Floral Park Engine Company hosts 9/11 tribute

Posted

A moving ceremony hosted by the Floral Park Reliance Engine Company in April paid tribute to two heroes of the Sept. 11, 2001 terrorist attacks from Franklin Square and Floral Park.

The Reliance Engine hosted the famed, 30-foot by 55-foot, 9/11 Patriot Flag and Tractor Trailer Memorial Wall in a program attended by hundreds of local residents. The flag, which travels every day nationwide, making it through all 50 states, and Memorial Wall stopped in Floral Park to honor victims of the Sept. 11 attacks.

The flag flew over Floral Park during a ceremony at the Floral Park Reliance Engine Fire House. Firefighter Ken Fairben served as the program master of ceremonies, and was joined by engine company members from Garden City, Elmont, Franklin Square, Floral Park and other local departments.

Local firefighters and police officers, the New York Police Department, emergency service personnel and community members came out to remember and reflect upon those lost on Sept. 11. A memorial flag and special book were available to community members to sign and inscribe a special tribute.

Sen. Jack Martins, of Elmont, and county legislators Vincent Muscarella and Rich Nicolello, were joined by Floral Park Mayor Kevin Greene, Mayor-Elect Tom Tweedy, Trustees Dominic Longobardi, Mary Grace Tomiecki and Jim Rhatigan. Martins said the ceremony was “poignant and very meaningful to the hundreds that gathered.”

“We stood together to remember, reflect and pay tribute to two heroes and many community members and neighbors who touched the lives of so many in Floral Park and Franklin Square,” Martins said. “Their names are on that wall, and in many memorials throughout our state. We will never forget them.”
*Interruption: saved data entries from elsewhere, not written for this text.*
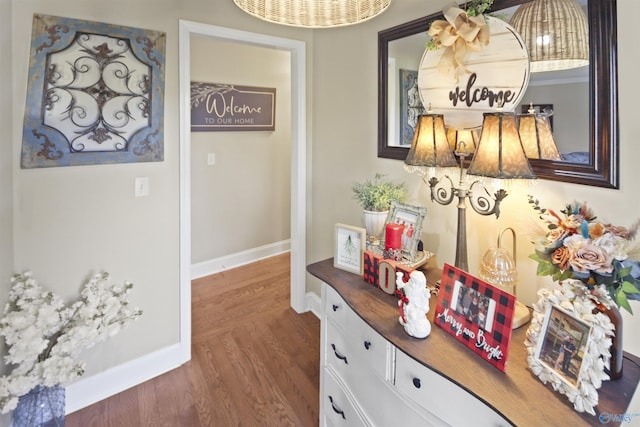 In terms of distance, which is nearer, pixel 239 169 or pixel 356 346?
pixel 356 346

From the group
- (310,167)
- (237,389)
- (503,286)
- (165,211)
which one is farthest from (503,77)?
(237,389)

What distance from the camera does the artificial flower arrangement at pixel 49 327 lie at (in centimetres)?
146

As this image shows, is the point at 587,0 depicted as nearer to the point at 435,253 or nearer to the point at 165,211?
the point at 435,253

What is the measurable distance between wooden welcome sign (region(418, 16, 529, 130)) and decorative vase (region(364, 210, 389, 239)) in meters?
0.51

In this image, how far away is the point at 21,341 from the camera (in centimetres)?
147

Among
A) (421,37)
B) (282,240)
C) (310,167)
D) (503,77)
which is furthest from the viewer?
(282,240)

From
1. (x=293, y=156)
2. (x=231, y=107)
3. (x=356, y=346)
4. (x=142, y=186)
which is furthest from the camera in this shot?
(x=231, y=107)

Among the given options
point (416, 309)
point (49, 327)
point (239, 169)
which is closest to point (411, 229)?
point (416, 309)

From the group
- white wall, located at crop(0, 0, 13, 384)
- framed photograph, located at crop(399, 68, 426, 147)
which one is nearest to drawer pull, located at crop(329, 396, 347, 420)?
framed photograph, located at crop(399, 68, 426, 147)

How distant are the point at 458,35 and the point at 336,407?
1558 millimetres

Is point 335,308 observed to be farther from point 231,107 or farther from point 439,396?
point 231,107

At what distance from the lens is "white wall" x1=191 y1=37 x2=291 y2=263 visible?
3480 millimetres

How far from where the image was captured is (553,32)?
4.07 feet

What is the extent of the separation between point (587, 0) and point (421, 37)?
2.31 feet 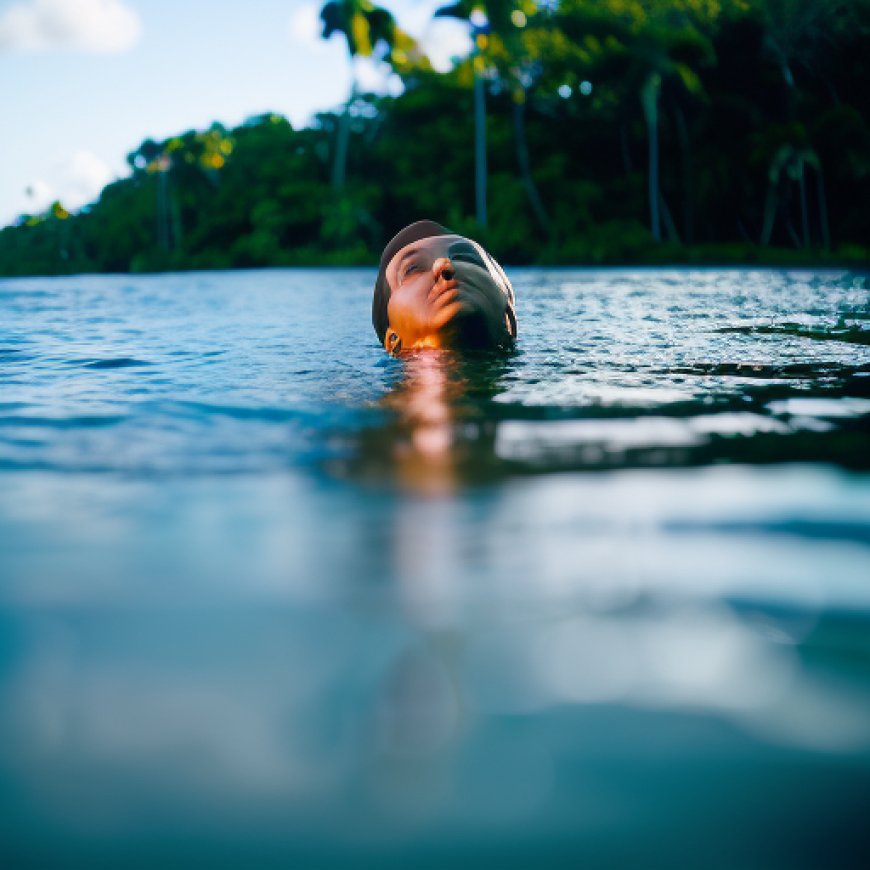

Along with the Patriot Flag, a “rolling memorial,” which consists of an 18-wheeler tractor trailer, owned by a Minnesota trucker, was part of the ceremony. The truck contains murals of firefighters, police officers and emergency personnel, and all 9/11 victims’ names are painted on the truck, in alphabetical order. The ceremony paid special tribute to two local firefighter heroes: Keith Fairben, of Floral Park, and Ronald Kloepfer, of Franklin Square, who were lost in the Sept. 11 attack.

During the program, high winds caused the cables holding the 75-pound flag to snap, so firefighters and police officers caught it and held it outstretched during the ceremony. At the end of the ceremony, the more than 100 attendees of the event worked together, side-by side, to fold the ceremonial flag.

The Patriot Flag is going to be at Ground Zero on Sept. 11, 2011.